O ANO DO TIGRE (CLXII)

"Se os gatos pudessem fazer filosofia, se tivessem a capacidade intelectual e o pensamento abstracto que a filosofia requer, provavelmente não estariam interessados. Não precisam dela. Os seres humanos inventaram a filosofia para tentar limitar as próprias ansiedades. Todas as três principais escolas clássicas de filosofia — estoicismo, epicurismo e cepticismo — defenderam explicitamente que o objectivo da filosofia era atingir um estado imperturbável de calma. Nós, humanos, não somos naturalmente felizes, não regressamos ao contentamento, à tranquilidade, como os gatos fazem sempre. Quando não estão a caçar, a acasalar ou a brincar, estão simplesmente a dormir, a comer ou a ver a vida a passar. É essa a sua condição natural. São felizes ao ser o que são, desde que consigam viver a vida para a qual nasceram. Já os seres humanos são invulgares e únicos entre os animais que conhecemos: não são felizes com a própria natureza. (...) Se um gato pudesse ser filósofo, o que faria? Interessar-se-ia pela filosofia? Poderia praticá-la por entretenimento, como brincar com uma bola.
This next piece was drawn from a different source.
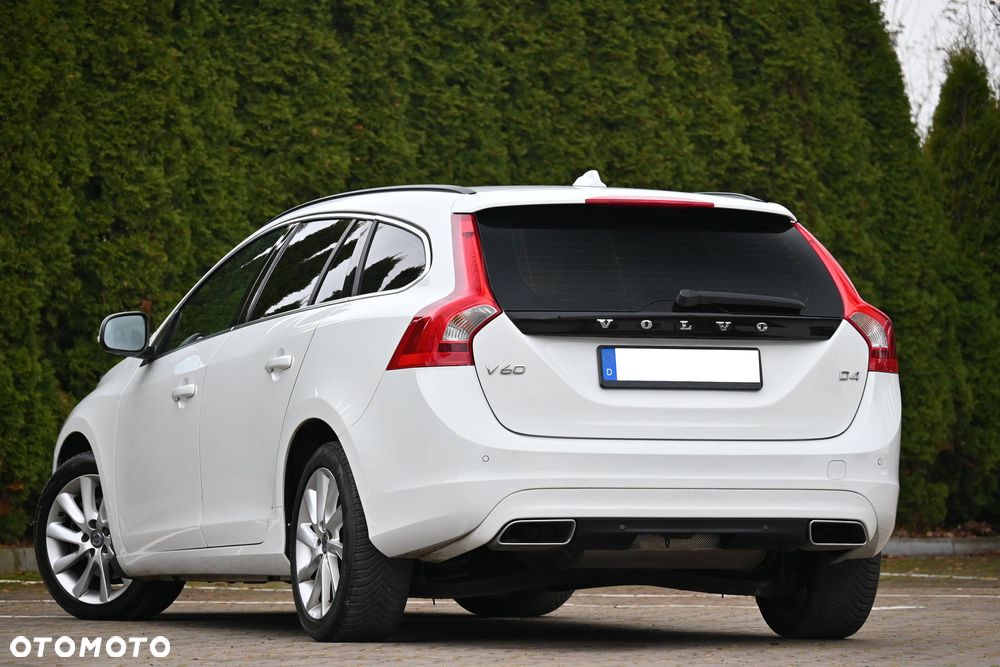 Volvo V60 D4 Drive-E Summum - 19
Imagino, no fim do livro, dez dicas felinas, não mandamentos. Os gatos nunca escreveriam mandamentos para ninguém. E também não acham que os seres humanos são suficientemente inteligentes para os seguir, certamente. Não espero que os humanos os sigam. (...) O francês Michel de Montaigne, tinha uma gata e escreveu: 'Quando brinco com a minha gata, como sei que não é ela que passa tempo comigo, e não eu que passo tempo com ela?' Montaigne adorava gatos e entendia-os, mas para ele era uma forma de recuperar da má filosofia, uma espécie de antídoto. Se o usasse, então, podia viver de forma natural. Como humanos, não podemos confiar inteiramente na nossa natureza como os gatos fazem, temos de usar alguma arte". (daqui; ver aqui)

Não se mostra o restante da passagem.